Imagem: Arquivo pessoal

     Já faz algum tempo que escuto muitas pessoas dizerem que não conseguem ler determinado livro ou assistir determinada aula pelo fato de ser tudo muito "teórico". Da mesma forma, escuto constantemente que muita teoria não ajuda em nada na prática. Ouço ainda que "na teoria é tudo muito bonito, mas na prática as coisas não são bem assim".

      E você tem todo o direito de concordar ou discordar de cada uma dessas questões. Porém, todas elas me incomodam. E muito. Me dê uma chance e, com a melhor das minhas intenções, vou explicar o porquê.

     Para começar, sou suspeita para falar em leitura teórica, pois sou apaixonada por literatura com esta faceta. Adoro ler livros que me ensinem mais sobre diversos assuntos, sobre a minha área, sobre as descobertas e estudos de diferentes tempos, sobre conceitos que sustentam a minha forma de pensar e as minhas ações.

       É como se tudo o que eu faço em sala de aula e dentro da escola funcionasse sobre alicerces muito mais seguros por causa da teoria que está dentro de mim. Quando eu leio e construo um entendimento mais sólido sobre os diferentes conceitos que permeiam tudo o que é feito, faço com mais clareza, com mais convicção, de maneira mais certeira e, geralmente, com resultados mais relevantes.

        Um jeito simples de pensar nisso é pensar que eu não posso pintar o desenho de um sol de amarelo se eu não sei que cor é amarelo. Ou seja, se eu não sei qual dos lápis de cor é o que chamamos de amarelo (que é uma palavra totalmente abstrata, inclusive, pois o nome não tem nada a ver com o objeto concreto em si - aliás, cor nem é objeto! - e daí os diferentes nomes nas diferente línguas, por exemplo). 

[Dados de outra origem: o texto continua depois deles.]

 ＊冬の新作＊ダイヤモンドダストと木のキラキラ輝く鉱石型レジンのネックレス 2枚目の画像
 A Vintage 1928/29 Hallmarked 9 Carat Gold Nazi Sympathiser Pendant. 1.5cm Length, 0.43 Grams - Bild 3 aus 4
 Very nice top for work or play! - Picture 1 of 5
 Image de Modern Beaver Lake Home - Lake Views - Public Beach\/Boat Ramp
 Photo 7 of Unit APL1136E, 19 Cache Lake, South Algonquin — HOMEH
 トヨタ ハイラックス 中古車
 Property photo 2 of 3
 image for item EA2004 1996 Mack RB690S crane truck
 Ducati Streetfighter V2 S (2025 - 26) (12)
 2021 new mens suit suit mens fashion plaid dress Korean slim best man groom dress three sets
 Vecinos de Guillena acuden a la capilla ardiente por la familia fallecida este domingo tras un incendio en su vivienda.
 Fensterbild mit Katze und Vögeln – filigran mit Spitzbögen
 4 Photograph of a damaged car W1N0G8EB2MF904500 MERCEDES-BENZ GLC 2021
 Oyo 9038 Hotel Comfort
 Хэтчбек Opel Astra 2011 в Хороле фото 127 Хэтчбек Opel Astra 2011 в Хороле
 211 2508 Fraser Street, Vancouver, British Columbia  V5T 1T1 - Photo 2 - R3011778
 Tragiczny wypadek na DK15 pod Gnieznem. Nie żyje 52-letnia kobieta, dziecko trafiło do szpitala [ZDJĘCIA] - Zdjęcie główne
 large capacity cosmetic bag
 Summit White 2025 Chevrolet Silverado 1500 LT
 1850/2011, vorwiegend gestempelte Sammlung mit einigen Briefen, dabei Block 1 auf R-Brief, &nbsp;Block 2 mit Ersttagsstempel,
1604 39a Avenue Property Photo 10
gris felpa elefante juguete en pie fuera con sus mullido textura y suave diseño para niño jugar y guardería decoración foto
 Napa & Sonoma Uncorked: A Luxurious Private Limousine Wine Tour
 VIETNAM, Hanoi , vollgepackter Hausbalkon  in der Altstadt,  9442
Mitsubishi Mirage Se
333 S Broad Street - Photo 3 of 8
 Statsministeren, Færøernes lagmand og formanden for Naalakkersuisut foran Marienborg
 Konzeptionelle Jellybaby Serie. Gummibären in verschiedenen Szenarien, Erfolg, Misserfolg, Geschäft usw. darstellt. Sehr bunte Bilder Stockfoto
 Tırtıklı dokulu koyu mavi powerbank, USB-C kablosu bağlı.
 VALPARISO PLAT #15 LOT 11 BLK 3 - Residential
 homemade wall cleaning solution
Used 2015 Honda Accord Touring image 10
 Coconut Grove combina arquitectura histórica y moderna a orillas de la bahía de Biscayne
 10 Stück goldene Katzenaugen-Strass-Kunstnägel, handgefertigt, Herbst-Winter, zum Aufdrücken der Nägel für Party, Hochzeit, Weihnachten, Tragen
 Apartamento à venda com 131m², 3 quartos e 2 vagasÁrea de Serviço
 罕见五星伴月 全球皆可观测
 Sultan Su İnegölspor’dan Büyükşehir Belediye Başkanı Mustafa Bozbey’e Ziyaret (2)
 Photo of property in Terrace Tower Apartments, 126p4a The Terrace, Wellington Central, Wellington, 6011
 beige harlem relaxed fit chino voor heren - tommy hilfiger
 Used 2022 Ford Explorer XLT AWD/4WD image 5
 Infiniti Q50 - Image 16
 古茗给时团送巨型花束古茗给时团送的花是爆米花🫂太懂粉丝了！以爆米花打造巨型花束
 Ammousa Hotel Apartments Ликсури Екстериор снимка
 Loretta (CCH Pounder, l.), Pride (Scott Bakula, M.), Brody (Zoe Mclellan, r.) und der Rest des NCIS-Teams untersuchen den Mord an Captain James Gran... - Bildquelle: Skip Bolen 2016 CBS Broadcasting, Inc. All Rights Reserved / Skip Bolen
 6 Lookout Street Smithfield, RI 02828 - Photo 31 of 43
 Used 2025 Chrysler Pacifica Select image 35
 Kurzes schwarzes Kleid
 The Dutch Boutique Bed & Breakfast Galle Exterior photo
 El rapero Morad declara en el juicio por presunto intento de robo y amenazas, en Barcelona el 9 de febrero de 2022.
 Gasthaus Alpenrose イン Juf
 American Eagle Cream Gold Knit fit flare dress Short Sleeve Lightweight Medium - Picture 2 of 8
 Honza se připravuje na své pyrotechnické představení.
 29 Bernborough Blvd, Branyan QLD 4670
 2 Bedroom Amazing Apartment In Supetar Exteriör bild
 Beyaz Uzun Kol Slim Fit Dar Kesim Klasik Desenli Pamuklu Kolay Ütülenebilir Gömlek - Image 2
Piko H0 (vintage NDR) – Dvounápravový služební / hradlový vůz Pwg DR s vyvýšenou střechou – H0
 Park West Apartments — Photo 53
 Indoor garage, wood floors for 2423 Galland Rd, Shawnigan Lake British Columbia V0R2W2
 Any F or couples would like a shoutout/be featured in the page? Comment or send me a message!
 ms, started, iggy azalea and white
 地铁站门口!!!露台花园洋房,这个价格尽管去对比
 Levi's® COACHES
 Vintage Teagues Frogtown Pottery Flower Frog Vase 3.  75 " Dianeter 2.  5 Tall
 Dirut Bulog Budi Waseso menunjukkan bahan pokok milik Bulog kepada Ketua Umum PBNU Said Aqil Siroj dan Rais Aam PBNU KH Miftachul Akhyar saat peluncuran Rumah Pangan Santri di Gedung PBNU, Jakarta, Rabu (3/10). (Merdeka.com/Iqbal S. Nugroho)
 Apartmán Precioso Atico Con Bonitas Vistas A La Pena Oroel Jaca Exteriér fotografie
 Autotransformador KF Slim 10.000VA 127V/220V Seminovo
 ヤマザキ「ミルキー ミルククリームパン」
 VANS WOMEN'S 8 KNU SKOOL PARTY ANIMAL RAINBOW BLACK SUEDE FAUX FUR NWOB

       Quando eu aprendo o que é o amarelo, aí sim eu consigo pintar o desenho do sol com essa cor. Ao aprender qual cor é o amarelo, posso dizer, de maneira bem superficial, que eu construí um conceito, ou seja, atribuí um significado a essa palavra. De agora em diante, a palavra amarelo vai ter um significado para mim, significado que está na minha mente e que direciona totalmente as minhas ações em relação a essa palavra, a partir de agora.
     
       Porém, só nesse pequeno exemplo já é possível mostrar como a teoria e os conceitos são importantes para a prática. Saber qual cor é o amarelo me fez construir um conceito e atribuir significado a uma palavra, relacionando-a com uma cor que meu olho enxerga e meu cérebro identifica e diferencia das demais cores.

      Nesse caso, posso dizer que eu aprendi a atribuir significado a uma palavra e a identificar a cor amarela. E identificar é uma habilidade prática, mas que depende de conceitos totalmente abstratos, como cor e amarelo.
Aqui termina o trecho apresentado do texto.